The highs and lows of performance evaluation: Towards a measurement theory for machine learning
February 8, 2023 at 5 pm CET
Our understanding of performance evaluation measures for machine-learned classifiers has improved considerably over the last decades. However, there is a range of areas where this understanding is still lacking, leading to ill-advised practices in classifier evaluation. This is clearly problematic, since if machine learning researchers are unclear about what exactly their experiments are telling them about their machine learning algorithms, then how can end-users trust systems deploying those algorithms?
I suggest that in order to make further progress we need to develop a proper measurement theory of machine learning. Measurement theory studies the concepts of measurement and scale. If one has a way to measure, say, the length of individual rods or planks, this should also allow one to then calculate the combined length of concatenated rods or planks. What relevant concatenation operations are there in data science and AI, and what does that mean for the underlying measurement scale?
I discuss by example what such a measurement theory might look like and what kinds of new results it would entail. I furthermore argue that key properties such as classification ability and data set difficulty are unlikely to be directly observable, suggesting the need for latent-variable models. Ultimately, machine learning experiments need to go beyond simple correlations and aim to make causal inferences of the form ‘Algorithm A outperformed algorithm B because the classes were highly imbalanced’, or counterfactually, ‘if the classes were re-balanced, this performance difference between A and B would not have been observed’.
Peter Flach has been Professor of Artificial Intelligence at the University of Bristol since 2003. An internationally leading scholar in the evaluation and improvement of machine learning models using ROC analysis and calibration, he has also published on mining highly structured data, and has an interest in human-centred AI. He is author of Simply Logical: Intelligent Reasoning by Example (John Wiley, 1994) and Machine Learning: the Art and Science of Algorithms that Make Sense of Data (Cambridge University Press, 2012).

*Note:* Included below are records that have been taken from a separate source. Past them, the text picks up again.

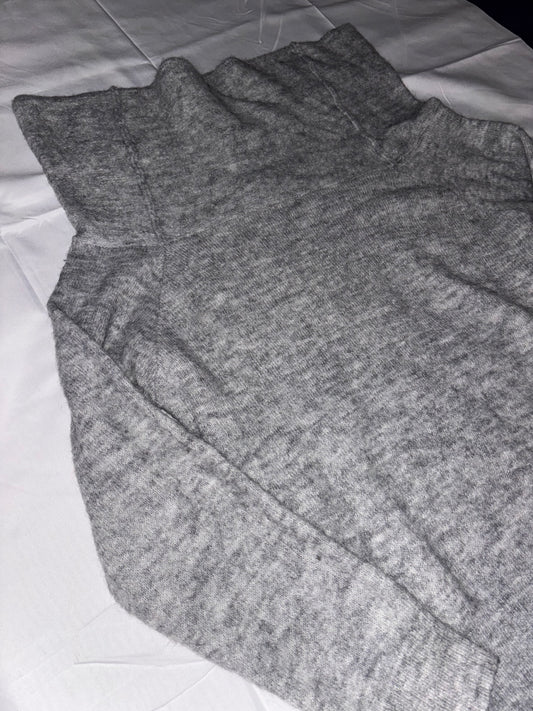 H&M Sweater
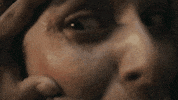 The Diplomat GIF by T-Series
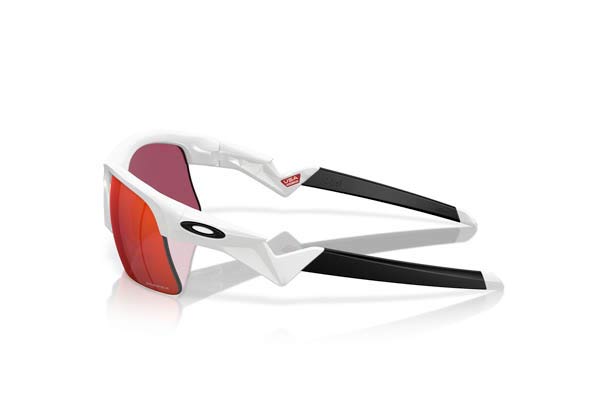 OAKLEY YOUTH 9013 CAPACITOR Γυαλια Ηλιου 
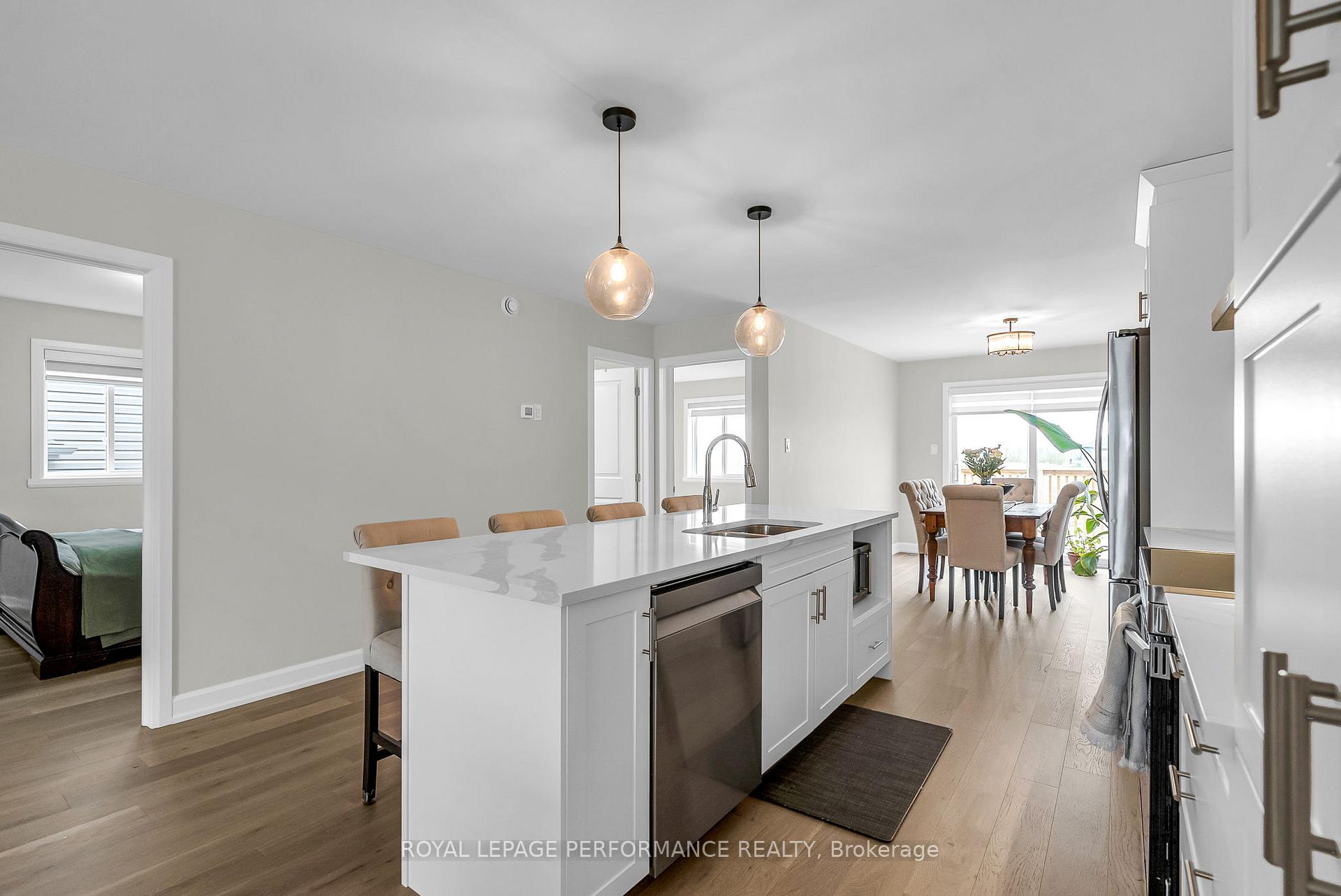 Photo 12 of 352 Tollgate Road E, Cornwall — HOMEH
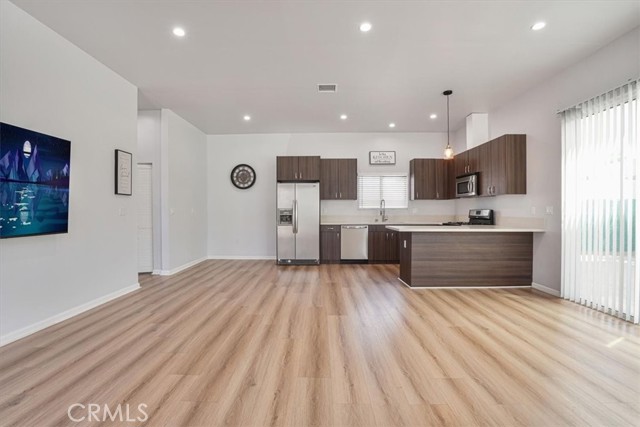 7820 Fulton Avenue, North Hollywood CA: https://media.crmls.org/medias/ef5d8060-270c-4ba6-b23e-7c1136435b7b.jpg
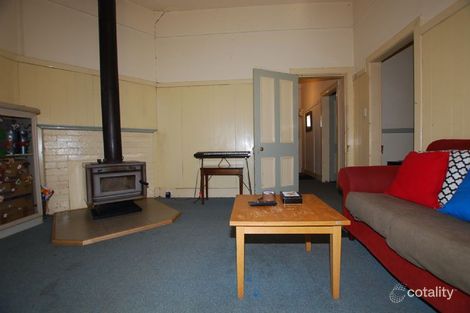 Property photo of 26 Campbell Street Wonthaggi VIC 3995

From 2010 until 2020, Prof Flach was Editor-in-Chief of the Machine Learning journal, one of the two top journals in the field that has been published for over 25 years by Kluwer and now Springer. He was Programme Co-Chair of the 1999 International Conference on Inductive Logic Programming, the 2001 European Conference on Machine Learning, the 2009 ACM Conference on Knowledge Discovery and Data Mining, and the 2012 European Conference on Machine Learning and Knowledge Discovery in Databases in Bristol. He is a past President and current Vice-President of the European Association for Data Science. He is a Fellow of the European Association for Artificial Intelligence and of the Alan Turing Institute for Data Science and Artificial Intelligence.